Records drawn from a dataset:
*** Block opens ***

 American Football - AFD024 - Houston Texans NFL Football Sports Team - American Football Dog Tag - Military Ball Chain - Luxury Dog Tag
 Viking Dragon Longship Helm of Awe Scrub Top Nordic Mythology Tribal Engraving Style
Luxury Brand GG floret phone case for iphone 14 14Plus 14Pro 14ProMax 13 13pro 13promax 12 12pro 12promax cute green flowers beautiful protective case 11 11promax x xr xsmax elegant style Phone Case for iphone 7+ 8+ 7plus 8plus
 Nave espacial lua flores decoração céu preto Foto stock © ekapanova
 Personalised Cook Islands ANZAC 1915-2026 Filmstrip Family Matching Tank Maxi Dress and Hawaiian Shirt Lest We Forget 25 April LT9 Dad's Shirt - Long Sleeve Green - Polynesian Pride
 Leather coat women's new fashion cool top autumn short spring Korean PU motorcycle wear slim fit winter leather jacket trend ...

*** Block closes ***
*** Block opens ***

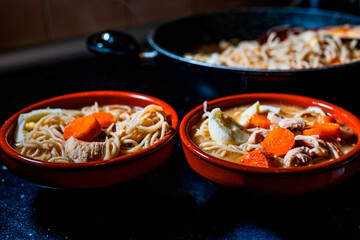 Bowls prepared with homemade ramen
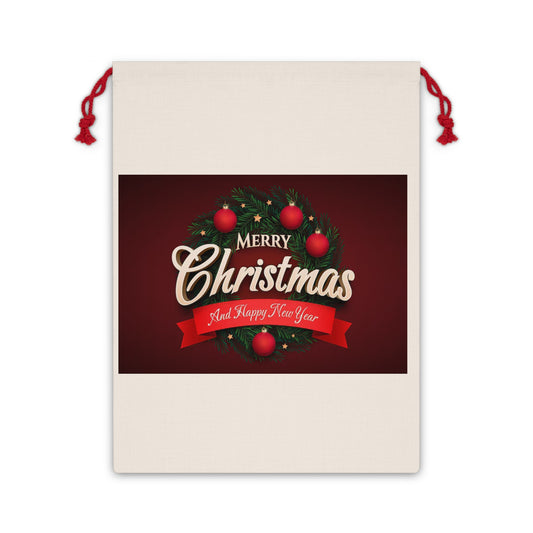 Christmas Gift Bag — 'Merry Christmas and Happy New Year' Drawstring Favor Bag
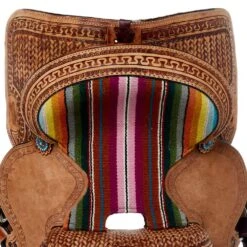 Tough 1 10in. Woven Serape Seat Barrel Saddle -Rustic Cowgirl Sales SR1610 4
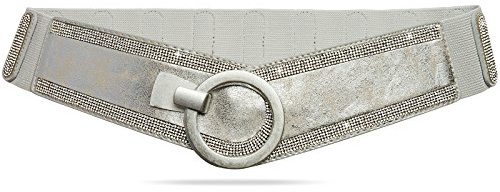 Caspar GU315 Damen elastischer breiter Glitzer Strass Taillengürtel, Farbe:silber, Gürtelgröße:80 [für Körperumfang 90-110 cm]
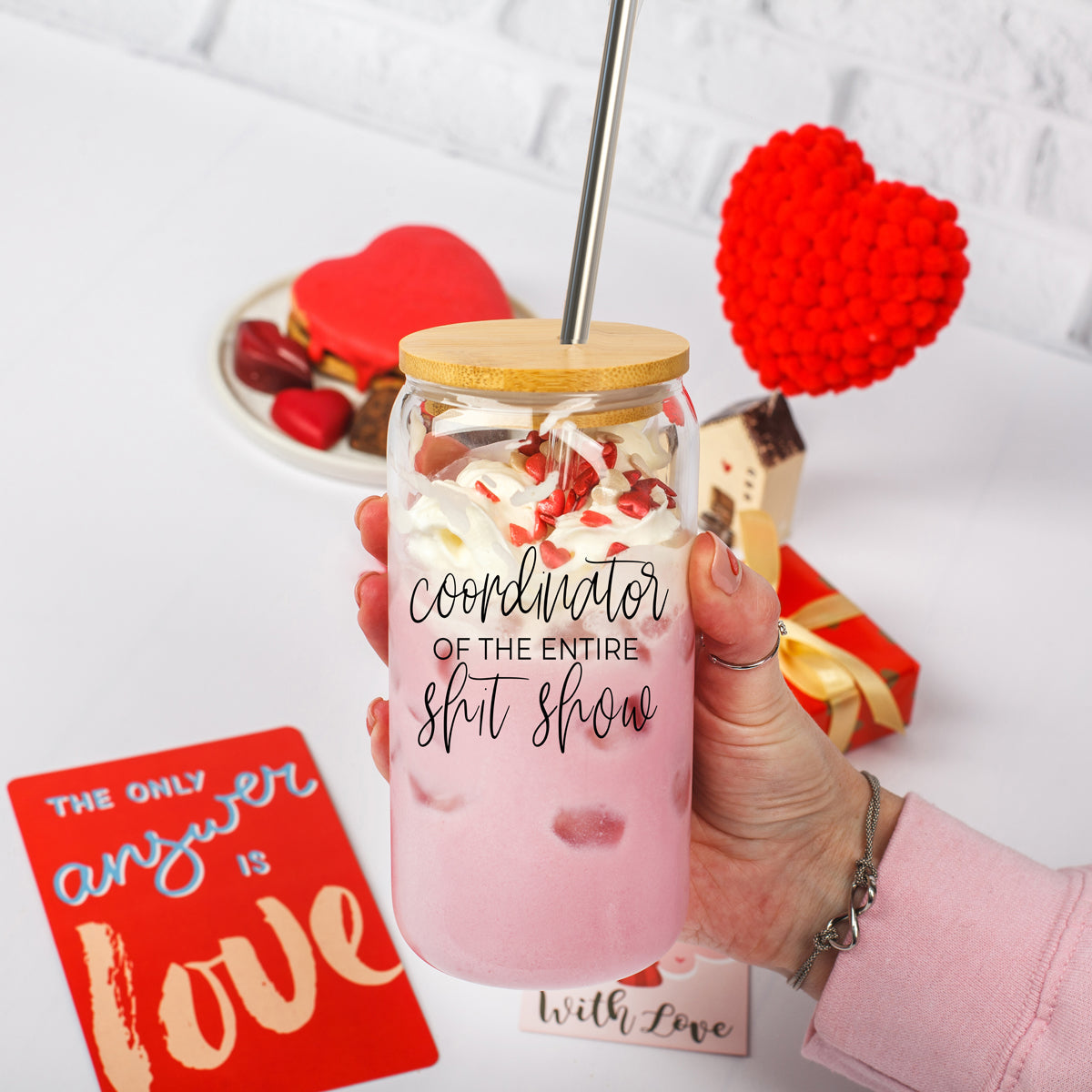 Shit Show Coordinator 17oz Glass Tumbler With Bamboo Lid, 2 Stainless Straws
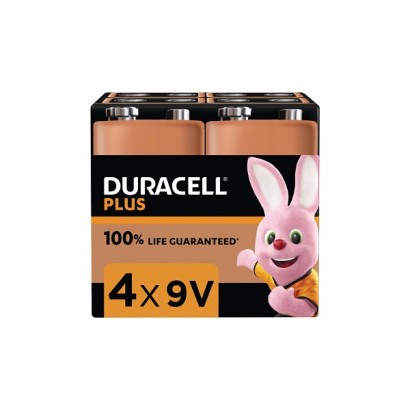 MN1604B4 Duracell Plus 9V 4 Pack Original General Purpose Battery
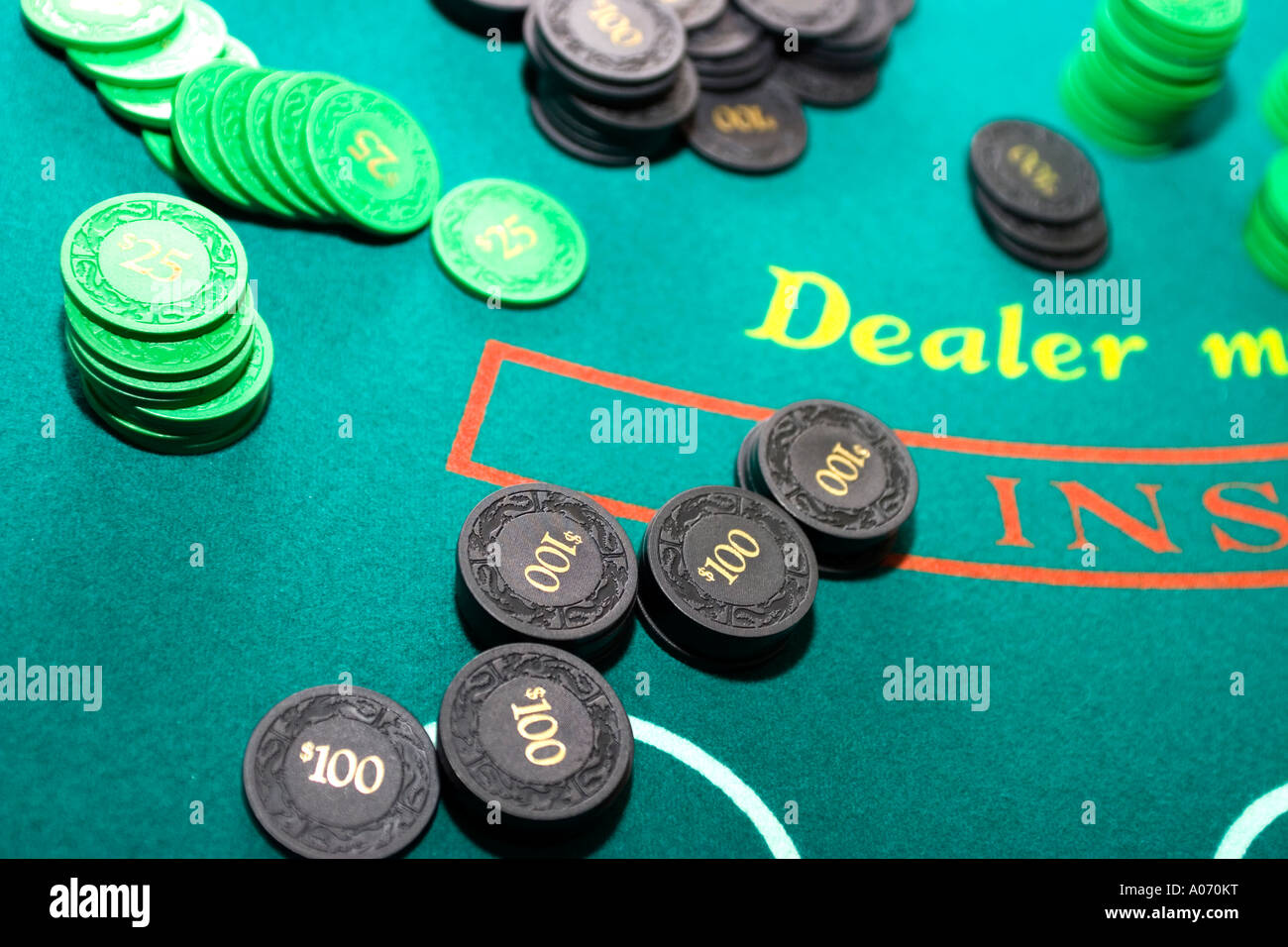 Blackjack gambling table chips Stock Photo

*** Block closes ***

Task directions:
Every line from the one with "MN1604B4 Duracell Plus" through the one with "Blackjack gambling table chips Stock Photo" is to be reproduced exactly as written above, and the pictures are to be dropped.

Task result:
 MN1604B4 Duracell Plus 9V 4 Pack Original General Purpose Battery
 Blackjack gambling table chips Stock Photo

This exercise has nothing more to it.